Department of Botany and Plant Pathology, Oregon State University, Corvallis, Oregon, United States of America.
PLoS One. 2011;6(10):e25279. doi: 10.1371/journal.pone.0025279. Epub 2011 Oct 6.
GENE-counter is a complete Perl-based computational pipeline for analyzing RNA-Sequencing (RNA-Seq) data for differential gene expression. In addition to its use in studying transcriptomes of eukaryotic model organisms, GENE-counter is applicable for prokaryotes and non-model organisms without an available genome reference sequence. For alignments, GENE-counter is configured for CASHX, Bowtie, and BWA, but an end user can use any Sequence Alignment/Map (SAM)-compliant program of preference. To analyze data for differential gene expression, GENE-counter can be run with any one of three statistics packages that are based on variations of the negative binomial distribution. The default method is a new and simple statistical test we developed based on an over-parameterized version of the negative binomial distribution. GENE-counter also includes three different methods for assessing differentially expressed features for enriched gene ontology (GO) terms. Results are transparent and data are systematically stored in a MySQL relational database to facilitate additional analyses as well as quality assessment. We used next generation sequencing to generate a small-scale RNA-Seq dataset derived from the heavily studied defense response of Arabidopsis thaliana and used GENE-counter to process the data. Collectively, the support from analysis of microarrays as well as the observed and substantial overlap in results from each of the three statistics packages demonstrates that GENE-counter is well suited for handling the unique characteristics of small sample sizes and high variability in gene counts.

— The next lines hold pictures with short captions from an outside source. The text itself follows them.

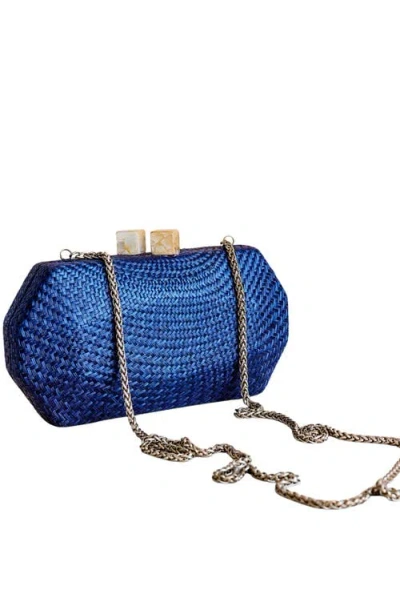 Likha Solid Octagon Clutch In Blue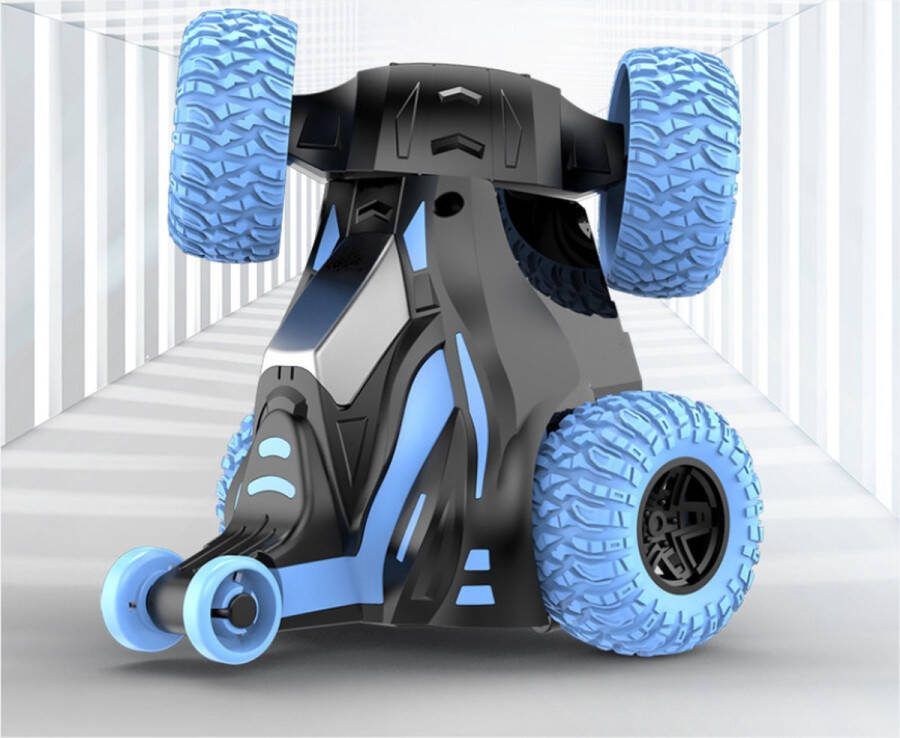 Robot speelgoed auto met 6 wielen Discolicht Stunten Kinderen Blauw Met afstandsbediening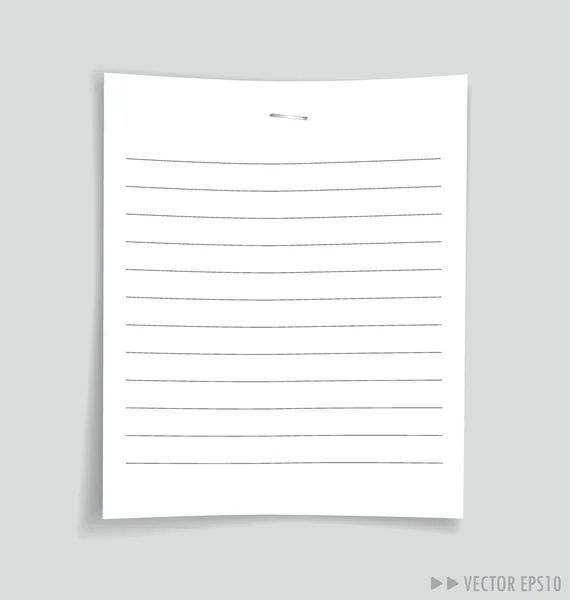 Tomt vitt papper, redo för ditt meddelande. vektor illustration — Stock vektor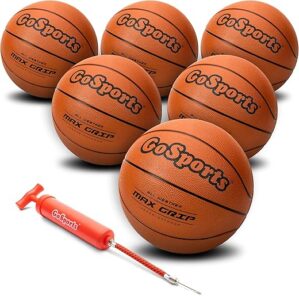 GoSports Indoor/Outdoor Basketballs – Six Pack With Pump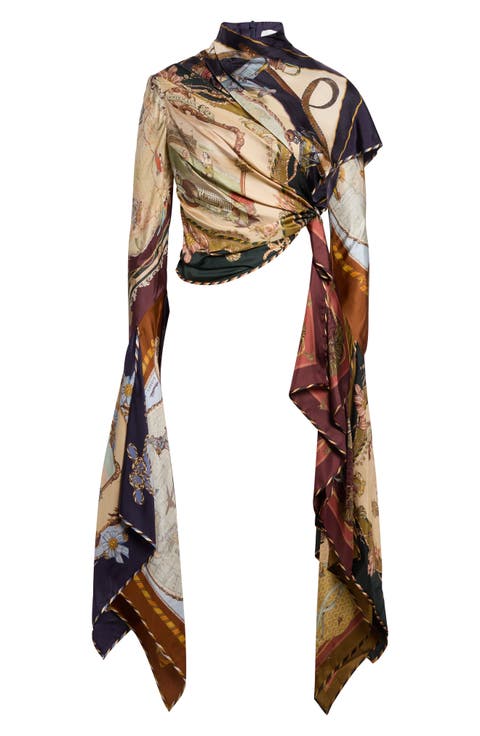 Valiant Print Draped Silk Twill Scarf Top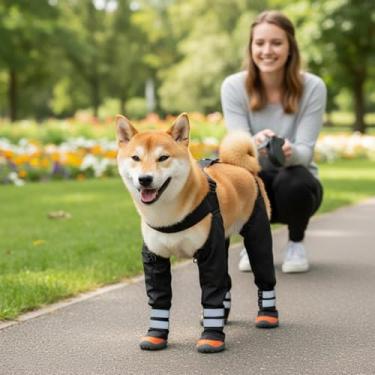Imagem de Botas Suspensórias para Cães,Impermeável Antiderrapante,Botas Anti-Deslizantes Para Cães Com Faixa Refletora | Para Patas de Filhotes em Condições de Frio Neve e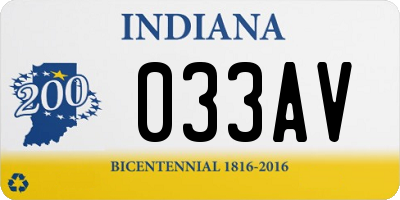 IN license plate 033AV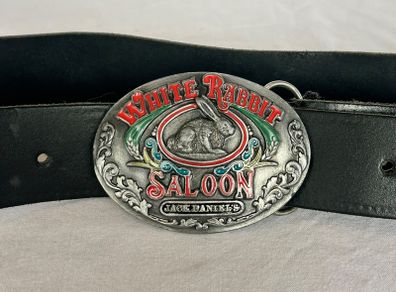Vintage Jack Daniel's White Rabbit Saloon Belt Buckle + Leather Belt - 1970s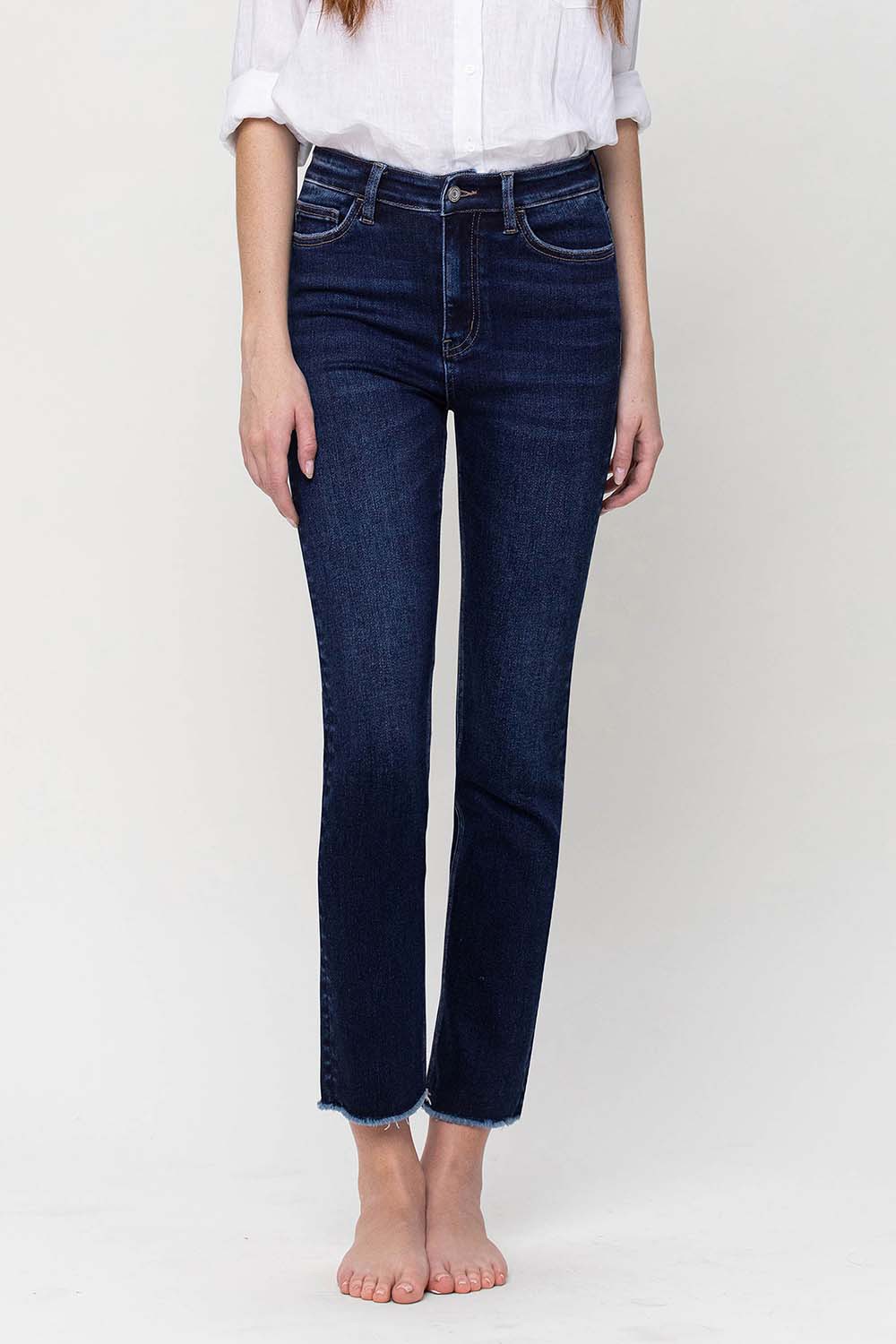 Super High Rise Stretch Slim Straight Jeans-190 Denim-Vervet-Coastal Bloom Boutique, find the trendiest versions of the popular styles and looks Located in Indialantic, FL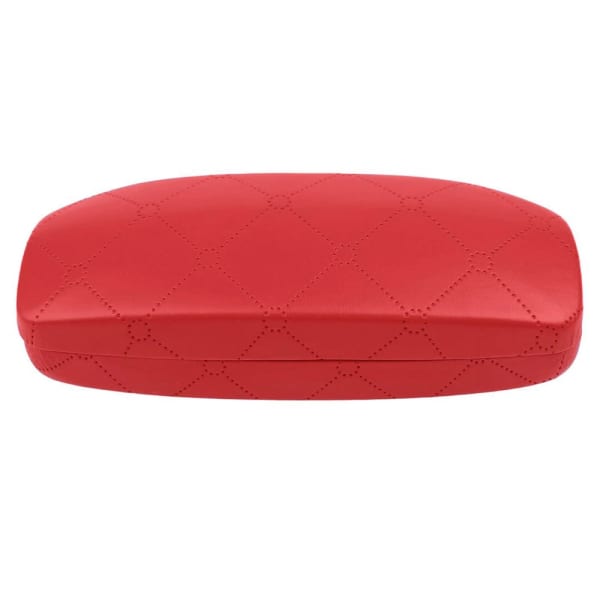 Czerwone etui na okulary w kratę STHC-97B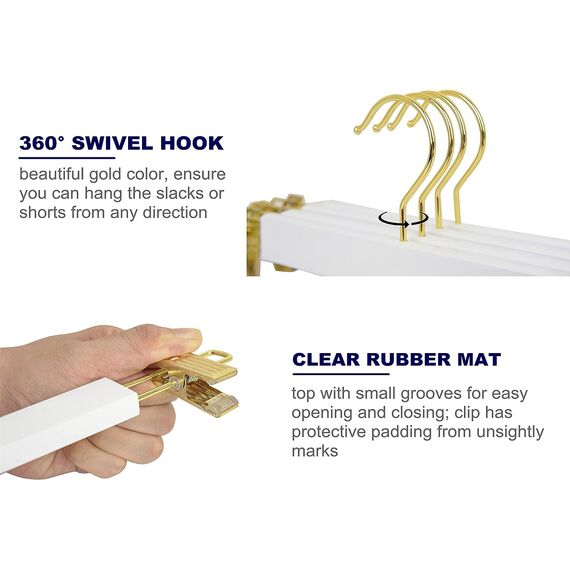 Amber Home 10 Stück 36cm Weiß Kleiderbügel aus Holz, Robust und Glänzend Hosenbügel Aufhänger für Hosen Shorts Rock Socken Unterwäsche, mit rutschfest Clips und Drehbar Haken (Gold 10)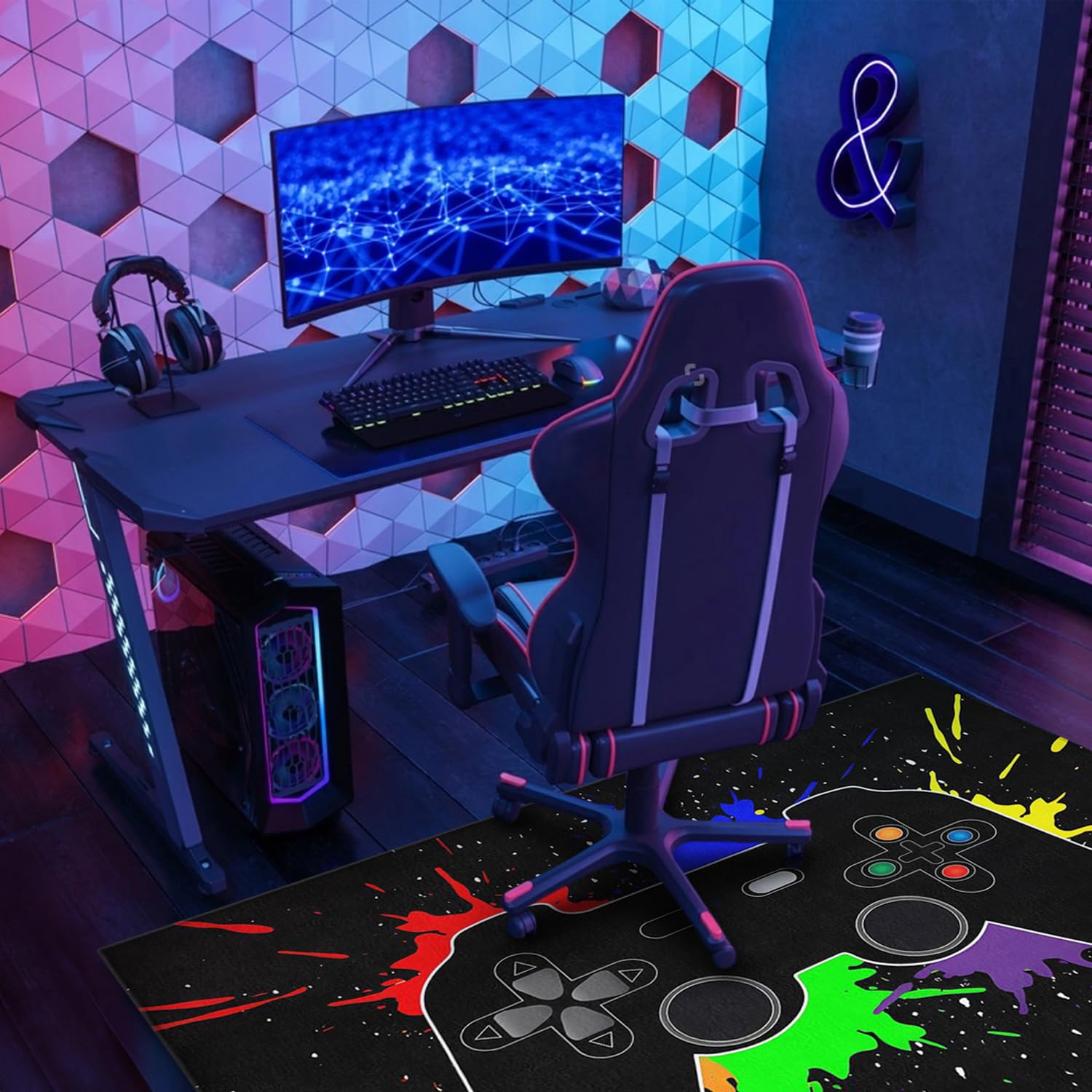 Gaming Chair Mat for Carpet Hardwood Tile Floor,36"x48" Gamer Rugs for Game Room, Under Desk Non Slip Gamer Rug,Low-Pile Game Room Rug,Rubber Backing Large Gaming Chair Floor Mat,Green Honeycomb - Flex Gamingproduct_type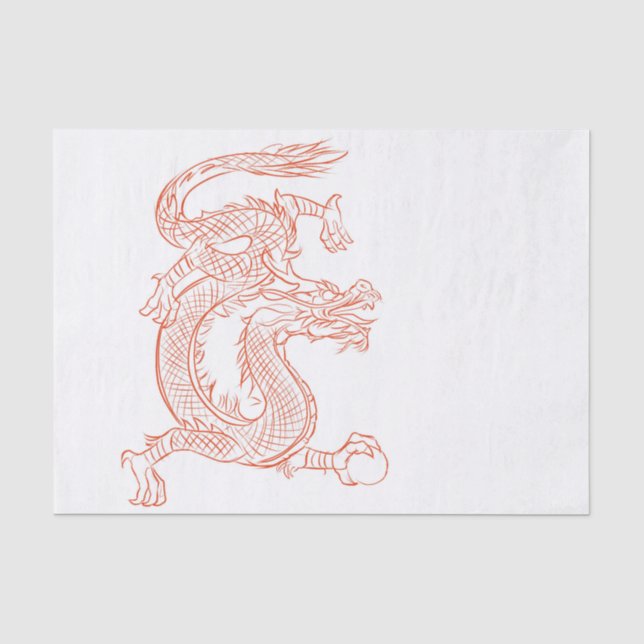 Red Oriental Sketched Dragon Art Tissue Paper (Front)
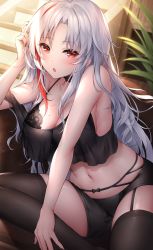 Rule 34 | 1girl, :o, azur lane, bare shoulders, black bra, black camisole, black nails, black shorts, black thighhighs, blush, bra, breasts, camisole, cleavage, commentary request, fingernails, hand in own hair, hand up, highres, indoors, large breasts, long hair, looking at viewer, midriff, mole, mole on breast, multicolored hair, nail polish, navel, official alternate costume, on chair, oyuwari, parted bangs, red eyes, red hair, short shorts, shorts, sitting, solo, stairs, stomach, streaked hair, tallinn (azur lane), tallinn (nostalgic pilsner) (azur lane), thighhighs, underwear, very long hair, white hair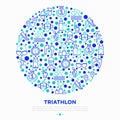 Triathlon concept in circle with thin line icons: runner, swimmer, cycling race, stopwatch, starting, gun, sport glasses, start, Royalty Free Stock Photo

GENE-counter 是一个完整的基于 Perl 的计算流程,用于分析 RNA-Seq(RNA 测序)数据以进行差异基因表达分析。除了在真核模式生物的转录组研究中使用外,GENE-counter 还适用于没有可用基因组参考序列的原核生物和非模式生物。对于比对,GENE-counter 配置为 CASHX、Bowtie 和 BWA,但用户可以使用任何首选的符合序列比对/映射 (SAM) 的程序。为了分析差异基因表达数据,GENE-counter 可以与基于负二项式分布变体的三个统计软件包中的任何一个一起运行。默认方法是我们基于负二项式分布的过参数化版本开发的新的简单统计测试。GENE-counter 还包括三种用于评估富含基因本体论 (GO) 术语的差异表达特征的方法。结果是透明的,数据系统地存储在 MySQL 关系数据库中,以方便进行额外的分析和质量评估。我们使用下一代测序生成了一个源自拟南芥大量研究的防御反应的小规模 RNA-Seq 数据集,并使用 GENE-counter 处理数据。总的来说,微阵列分析的支持以及来自三个统计软件包中的每一个的观察到的和实质性的重叠结果表明,GENE-counter 非常适合处理小样本量和基因计数高度变化的独特特征。